Former PM Tony Abbott has criticised people for dobbing him in for not wearing a mask in public, which is hypocritical considering his past, writes Andrew P Street.
“I just want to say two things,” he opined to the media when some happy snapper caught the former PM chatting maskless in Manly, in defiance of the current health edicts around COVID-19 in pandemic-wracked NSW:
“First, I believe that I was well within the law, reasonably interpreted, but I am not going to challenge the fine because I am not going to waste police time. Second, I never thought dobbing and snitching was part of the Australian character. I think as soon as we can leave this health police state mindset behind us, the better for everyone.”
The first bit was entirely in character.
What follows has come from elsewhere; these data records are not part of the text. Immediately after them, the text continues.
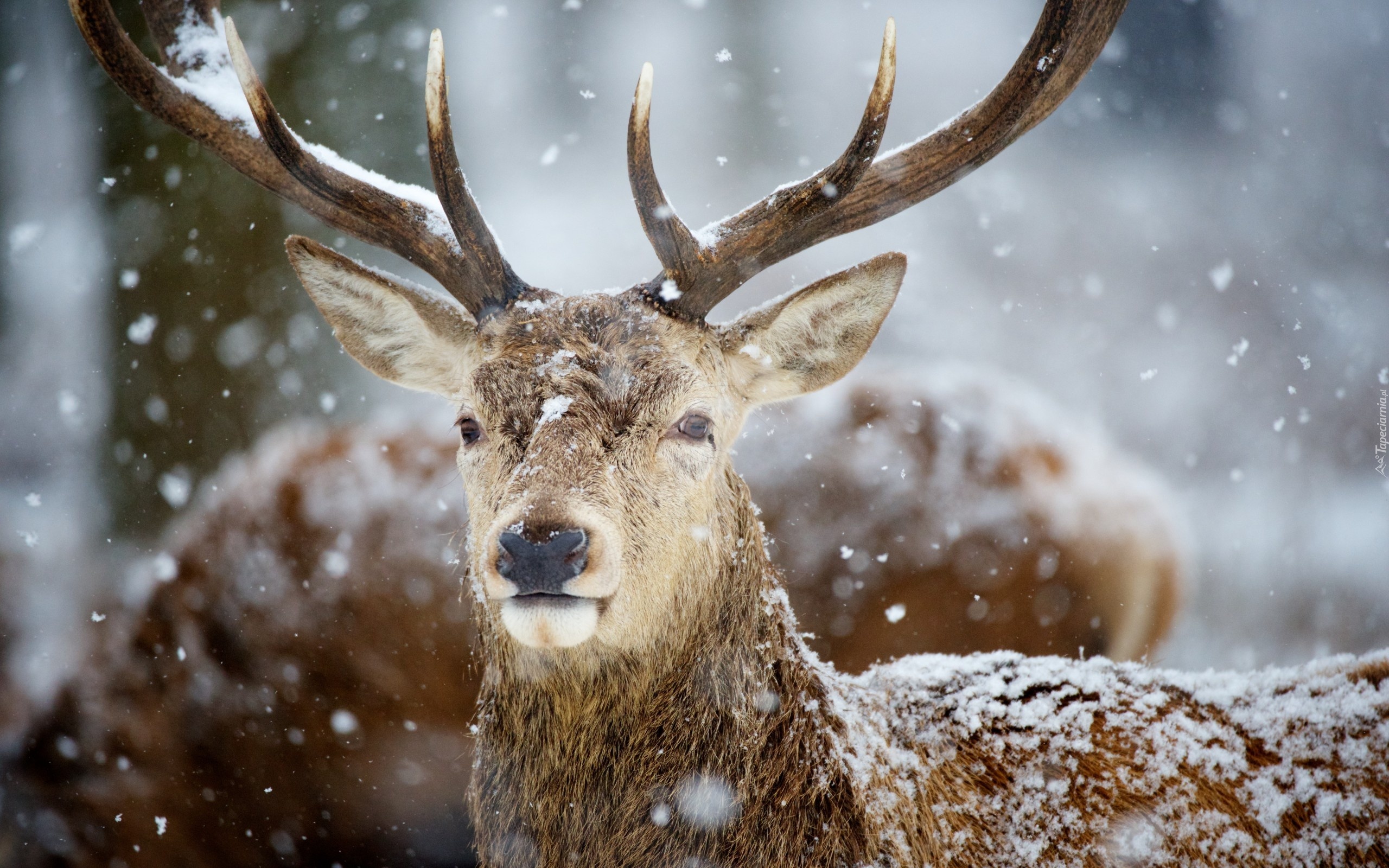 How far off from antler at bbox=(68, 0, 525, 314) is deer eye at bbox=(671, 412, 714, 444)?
2.14ft

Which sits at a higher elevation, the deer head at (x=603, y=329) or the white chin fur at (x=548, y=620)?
the deer head at (x=603, y=329)

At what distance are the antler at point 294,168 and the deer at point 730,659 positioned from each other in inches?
0.4

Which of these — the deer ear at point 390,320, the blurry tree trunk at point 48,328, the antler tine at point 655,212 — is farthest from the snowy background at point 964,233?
the antler tine at point 655,212

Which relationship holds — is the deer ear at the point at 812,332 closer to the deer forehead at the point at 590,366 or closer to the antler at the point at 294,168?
the deer forehead at the point at 590,366

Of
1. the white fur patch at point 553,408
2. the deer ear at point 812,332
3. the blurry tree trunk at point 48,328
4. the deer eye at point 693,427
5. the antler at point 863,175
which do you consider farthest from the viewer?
the blurry tree trunk at point 48,328

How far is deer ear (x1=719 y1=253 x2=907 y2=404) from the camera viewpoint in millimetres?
2412

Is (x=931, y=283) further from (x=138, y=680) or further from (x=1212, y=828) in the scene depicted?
(x=138, y=680)

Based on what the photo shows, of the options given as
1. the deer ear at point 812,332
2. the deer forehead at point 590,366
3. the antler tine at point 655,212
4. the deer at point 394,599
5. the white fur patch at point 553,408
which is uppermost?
the antler tine at point 655,212

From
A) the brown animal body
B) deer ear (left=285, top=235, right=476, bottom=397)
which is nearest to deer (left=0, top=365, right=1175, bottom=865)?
the brown animal body

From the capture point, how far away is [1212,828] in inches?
79.3

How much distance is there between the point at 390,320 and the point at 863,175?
1.47m

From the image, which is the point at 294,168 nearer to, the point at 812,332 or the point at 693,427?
the point at 693,427

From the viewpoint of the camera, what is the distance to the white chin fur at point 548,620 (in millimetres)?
1766

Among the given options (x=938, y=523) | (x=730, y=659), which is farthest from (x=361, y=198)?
(x=938, y=523) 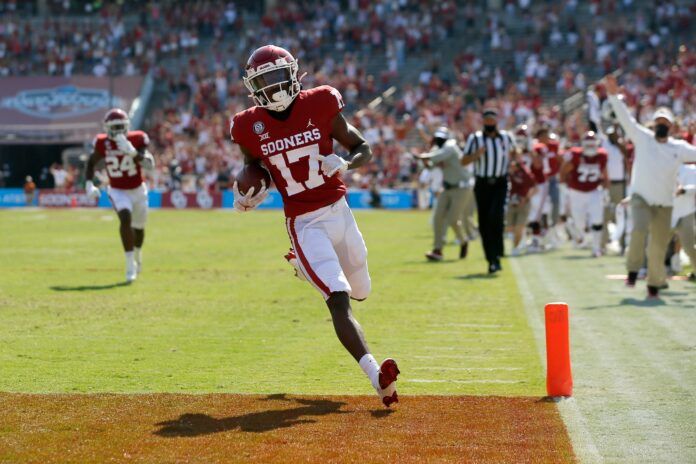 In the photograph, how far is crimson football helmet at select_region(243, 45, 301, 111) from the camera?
6996mm

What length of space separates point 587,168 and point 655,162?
23.4ft

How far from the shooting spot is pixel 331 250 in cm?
703

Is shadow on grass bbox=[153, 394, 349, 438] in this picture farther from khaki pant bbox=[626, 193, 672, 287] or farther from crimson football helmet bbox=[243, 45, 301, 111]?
khaki pant bbox=[626, 193, 672, 287]

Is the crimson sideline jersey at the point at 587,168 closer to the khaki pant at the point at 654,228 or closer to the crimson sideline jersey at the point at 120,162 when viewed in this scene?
the khaki pant at the point at 654,228

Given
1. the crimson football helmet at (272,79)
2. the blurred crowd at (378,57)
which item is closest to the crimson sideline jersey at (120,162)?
the crimson football helmet at (272,79)

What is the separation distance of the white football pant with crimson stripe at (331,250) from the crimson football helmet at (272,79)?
28.0 inches

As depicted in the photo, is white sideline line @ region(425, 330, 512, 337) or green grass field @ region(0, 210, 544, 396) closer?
green grass field @ region(0, 210, 544, 396)

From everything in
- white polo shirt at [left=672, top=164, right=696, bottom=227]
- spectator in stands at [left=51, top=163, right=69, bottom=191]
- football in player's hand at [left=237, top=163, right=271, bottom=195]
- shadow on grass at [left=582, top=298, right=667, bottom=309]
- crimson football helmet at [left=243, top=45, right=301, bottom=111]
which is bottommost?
spectator in stands at [left=51, top=163, right=69, bottom=191]

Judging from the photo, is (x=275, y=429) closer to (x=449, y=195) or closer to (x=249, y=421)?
(x=249, y=421)

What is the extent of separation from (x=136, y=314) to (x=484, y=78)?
3024cm

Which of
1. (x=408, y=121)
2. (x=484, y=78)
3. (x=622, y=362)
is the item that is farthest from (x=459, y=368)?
(x=484, y=78)

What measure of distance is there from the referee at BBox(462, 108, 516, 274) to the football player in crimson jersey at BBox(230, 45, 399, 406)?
27.8ft

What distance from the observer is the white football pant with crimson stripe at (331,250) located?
6906 millimetres

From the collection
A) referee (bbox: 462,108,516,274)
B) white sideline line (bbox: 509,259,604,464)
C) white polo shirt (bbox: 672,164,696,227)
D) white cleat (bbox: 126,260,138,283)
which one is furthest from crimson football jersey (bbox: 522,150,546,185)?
white sideline line (bbox: 509,259,604,464)
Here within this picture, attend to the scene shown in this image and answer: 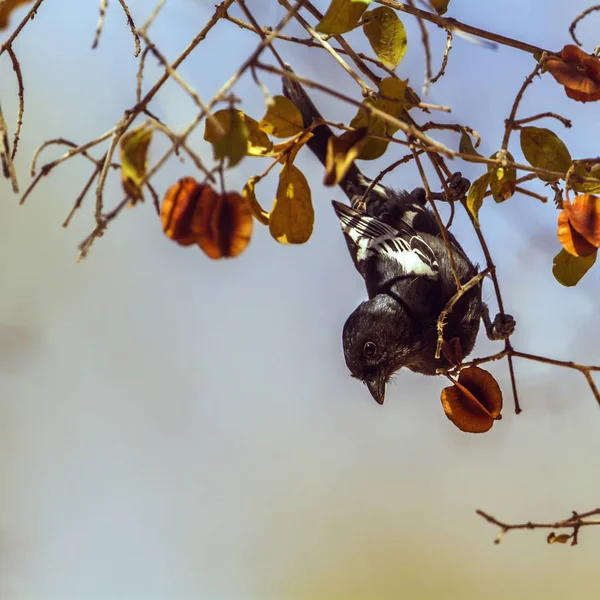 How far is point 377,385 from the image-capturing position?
2572 mm

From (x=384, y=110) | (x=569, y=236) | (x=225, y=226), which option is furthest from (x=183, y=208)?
(x=569, y=236)

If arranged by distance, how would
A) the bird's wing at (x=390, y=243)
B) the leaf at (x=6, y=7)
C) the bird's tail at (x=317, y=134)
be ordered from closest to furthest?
the leaf at (x=6, y=7) → the bird's tail at (x=317, y=134) → the bird's wing at (x=390, y=243)

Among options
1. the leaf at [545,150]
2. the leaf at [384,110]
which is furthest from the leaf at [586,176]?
the leaf at [384,110]

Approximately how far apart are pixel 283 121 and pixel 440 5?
0.36 metres

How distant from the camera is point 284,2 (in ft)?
4.21

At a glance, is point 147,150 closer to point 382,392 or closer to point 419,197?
point 382,392

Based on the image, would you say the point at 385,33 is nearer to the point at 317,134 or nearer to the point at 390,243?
the point at 317,134

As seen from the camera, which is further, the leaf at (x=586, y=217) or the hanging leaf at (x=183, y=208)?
the leaf at (x=586, y=217)

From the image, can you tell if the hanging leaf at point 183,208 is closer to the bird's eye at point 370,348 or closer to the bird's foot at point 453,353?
the bird's foot at point 453,353

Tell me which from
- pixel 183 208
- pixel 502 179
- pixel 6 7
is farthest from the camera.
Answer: pixel 502 179

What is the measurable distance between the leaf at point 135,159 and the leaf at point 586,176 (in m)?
0.67

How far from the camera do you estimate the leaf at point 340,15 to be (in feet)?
3.67

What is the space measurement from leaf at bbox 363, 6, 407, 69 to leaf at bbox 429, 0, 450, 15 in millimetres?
70

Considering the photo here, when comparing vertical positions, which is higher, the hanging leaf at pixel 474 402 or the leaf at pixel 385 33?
the leaf at pixel 385 33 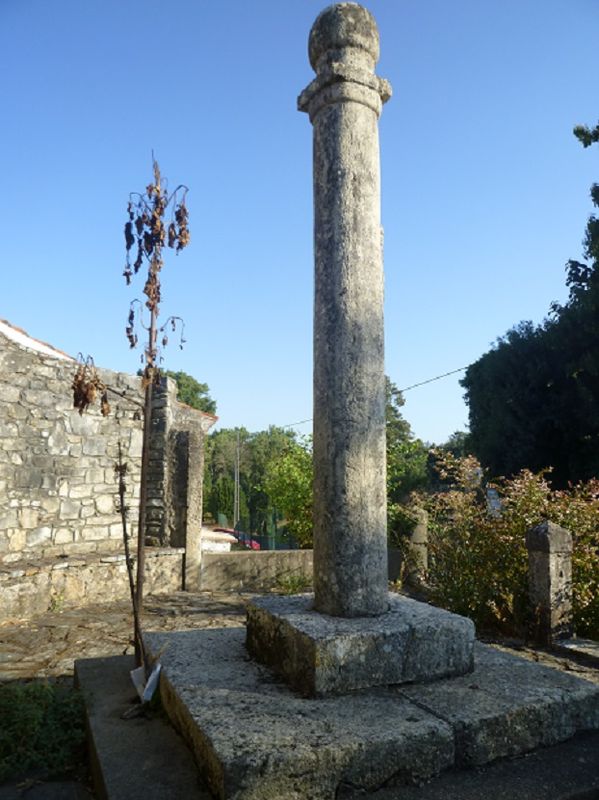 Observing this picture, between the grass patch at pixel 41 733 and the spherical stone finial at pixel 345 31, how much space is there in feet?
11.1

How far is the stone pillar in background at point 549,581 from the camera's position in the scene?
437 centimetres

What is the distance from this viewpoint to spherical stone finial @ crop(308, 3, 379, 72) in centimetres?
281

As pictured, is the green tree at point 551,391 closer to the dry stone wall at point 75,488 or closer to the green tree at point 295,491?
the green tree at point 295,491

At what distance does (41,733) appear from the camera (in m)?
2.54

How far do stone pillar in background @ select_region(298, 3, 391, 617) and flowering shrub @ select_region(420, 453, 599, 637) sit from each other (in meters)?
2.80

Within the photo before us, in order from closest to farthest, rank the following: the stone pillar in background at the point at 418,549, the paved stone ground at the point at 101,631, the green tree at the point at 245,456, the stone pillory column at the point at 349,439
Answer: the stone pillory column at the point at 349,439 → the paved stone ground at the point at 101,631 → the stone pillar in background at the point at 418,549 → the green tree at the point at 245,456

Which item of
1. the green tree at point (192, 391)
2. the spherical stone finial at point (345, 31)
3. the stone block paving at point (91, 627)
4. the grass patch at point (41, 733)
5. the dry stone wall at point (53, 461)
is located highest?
the green tree at point (192, 391)

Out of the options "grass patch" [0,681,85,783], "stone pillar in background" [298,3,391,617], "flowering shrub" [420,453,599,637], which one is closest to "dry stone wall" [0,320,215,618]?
"grass patch" [0,681,85,783]

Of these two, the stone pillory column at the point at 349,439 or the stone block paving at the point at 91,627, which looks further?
the stone block paving at the point at 91,627

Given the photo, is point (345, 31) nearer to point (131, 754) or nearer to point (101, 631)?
point (131, 754)

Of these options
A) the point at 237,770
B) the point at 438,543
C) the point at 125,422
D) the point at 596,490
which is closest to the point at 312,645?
the point at 237,770

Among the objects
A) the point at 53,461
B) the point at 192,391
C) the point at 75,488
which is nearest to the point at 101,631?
the point at 75,488

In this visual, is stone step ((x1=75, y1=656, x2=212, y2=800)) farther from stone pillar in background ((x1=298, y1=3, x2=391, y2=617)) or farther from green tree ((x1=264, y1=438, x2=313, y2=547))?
green tree ((x1=264, y1=438, x2=313, y2=547))

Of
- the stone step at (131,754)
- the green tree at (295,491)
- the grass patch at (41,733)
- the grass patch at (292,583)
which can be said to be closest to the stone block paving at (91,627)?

After all, “I don’t consider what I did to be technically wrong” could pretty much be the slogan for the modern Liberal Party in 2021, as the Prime Minister himself keeps emphasising that things like nipping back and forth between locked down jurisdictions for some family time denied to thousands of Sydneysiders is still somehow “within the rules”.
But it’s that second point about dobbing that should have made anyone with a functional memory laugh with delight at the sheer hypocritical gall of Tony Abbott, Australia’s Dobber King.
Aside from continuing the ‘If You See Something, Say Something’ anti-terrorism line he inherited from John Howard and which has largely been a chance for people to complain about Middle Eastern people wilfully existing in public, Abbott was the PM who launched a hotline literally called ‘Dob in a Dealer’ in 2015 as his signature success against the ice trade.
(Incidentally, this was such a roaring success that the final report of the Evaluation of the National Ice Action Strategy earlier this year concluded that outside of anecdotal reports, the dob line was ‘unable to be evaluated’.)
But that’s not all our most pro-dob PM did for Australia’s dobbing arts. He also memorably pressured Indonesia to set up a “dob in a people smuggler” line shortly after taking government in 2013, which the Indonesian Government gently declined to deploy.
And, of course, Abbott brought in an internal system through the Department of Prime Minister and Cabinet to allow-slash-oblige public servants to dob in colleagues who criticised the Government even if they did so anonymously and when it was made public immediately declared that the edict was an internal PM&C document and therefore secret.
So it’s fair to say that for Abbott, dobbing is a term with many nuances and shades of grey.
And look, it’s wonderfully inspiring to see a (checks notes) former Health Minister railing against the heavy hand of public health edicts during a global pandemic, but also: maybe his argument that he was about to masklessly exercise with a refreshing surf would have been somewhat more plausible if he wasn’t wearing jeans and a jumper at the time.
And on the one hand, this is a silly little story in which a man legendary for his sense of entitlement acts in a way that’s comedically entitled. But in another more important way, this is the man who started us on the road to where we are now.
After all, doesn’t his insistence that he was technically acting within the rules sound like Minister Bridget McKenzie’s repeated insistence, echoed by her colleagues, that the sports rorts allocations were within the regulations regardless of how transparent they were? Doesn’t Abbott’s how-very-dare-you spirit evoke the similar responses of our government ministers to criticism, from the PM down?
Tony Abbott’s hypocrisy isn’t a surprise, not when it’s the modus operandi of the Government he spawned.
Anyway, he’s begrudgingly paying the fine and that’s the end of the matter. After all, I’m sure he’d be the absolute first to accept that we Australians shouldn’t have to subsidise his, ahem, lifestyle choices.